Commodore Morris had no appetite for remaining in Tunis, for fighting for the loudmouthed consul. He agreed to replace Eaton and to pay off the $22,000. He later wrote: "As security for the money paid by me, I insisted on Mr. Eaton assigning all his real and personal estate to the government."
On March 10, 1803, Eaton boarded the USS Chesapeake. Disgraced as a diplomat, he was on the verge of ruin. He was returning home to his wife, financially devastated. This last twist was ironic, since Eaton had accepted the post of consul to Tunis in the hopes that he might make enough money to re-enter his marriage as the financial equal of Eliza, a widow of a wealthy Revolutionary War general. "[I hope] the hour is not far distant," he had written to her before the disaster, "when I may demonstrate to the world that it was not Mrs. Danielson's fortune but her person that Captain Eaton married."
In his official report, Morris stated that "[Eaton] appeared to be a man of lively imagination, rash, credulous.
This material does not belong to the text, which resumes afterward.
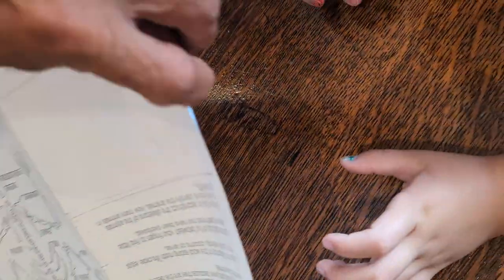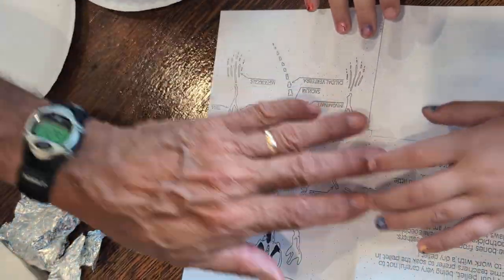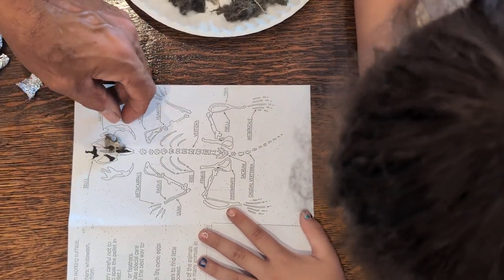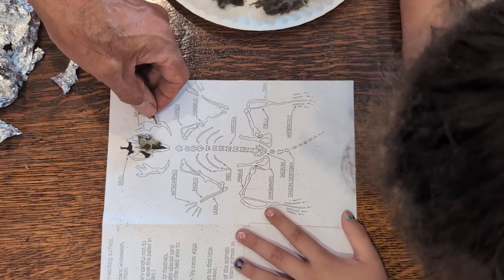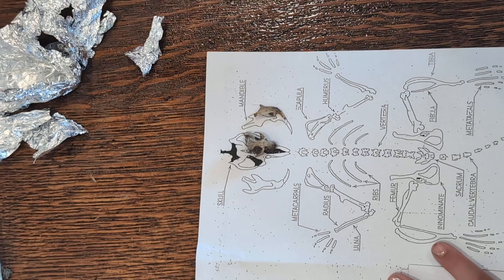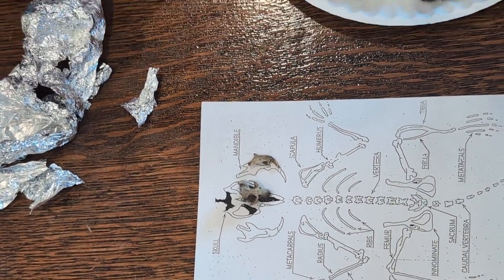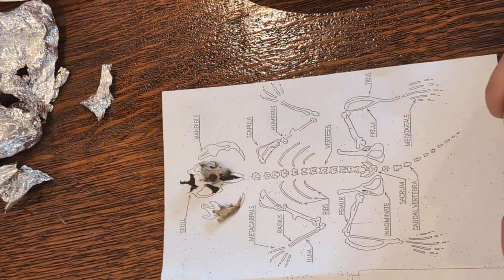Let me twist the paper just a little bit so it's oriented towards you. So here's where the skull would be, and here's a right side jaw. This is a left side jaw, and that's another left side jaw. Here's a right side jaw. See how there's bone on the outside and the molars are on the inside of the mouth — that's how you tell it's the right side jaw.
And by no means possessed of sound judgement."
Within two years, this disgraced diplomat would lead a band of eight marines, eight, and several hundred foreign mercenaries, the dregs of Alexandria, on a mad hopeless mission to march across the hell of the Libyan desert. He would try to finance the mission with the funds owed to him for ransoming Anna, the Italian slave girl. Thomas Jefferson would send Eaton on America's first covert military op overseas, to try to overthrow the government of Tripoli in order to free the three hundred American sailors enslaved there. This man on the verge of personal ruin, joined by his handful of marines, including violin-playing Presley O'Bannon, would surprise-attack Tripoli's second-largest city, and they would achieve a near miraculous victory. He would help stamp the then second-class service, the United States Marines, with a new reputation for courage. His exploits would lead future generations of Americans to sing proudly: "From the Halls of Montezuma to the shores of Tripoli, we will fight our country's battles on the land and on the sea."
In 1805, in the first decades of our North American experiment in democracy, when the nation's future prosperity was very much in doubt, William Eaton made one of the loudest statements to the world that the United States was not a country to be mocked or bullied. While politicians and military officers mouthed the same patriotic phrases, Eaton risked his life to back up his statements. He helped set a national tone of defiance and daring.
But in William Eaton's flinty outspokenness and fearlessness, there lurked the seeds of his own destruction. Thomas Jefferson could not abide the man's relentless belligerence. The aftermath of victory in Tripoli for Eaton would be less than sweet. After taking on Tripoli and the Barbary pirates, he would challenge and defy Thomas Jefferson. It would be a battle between unequals, and no good can come of that.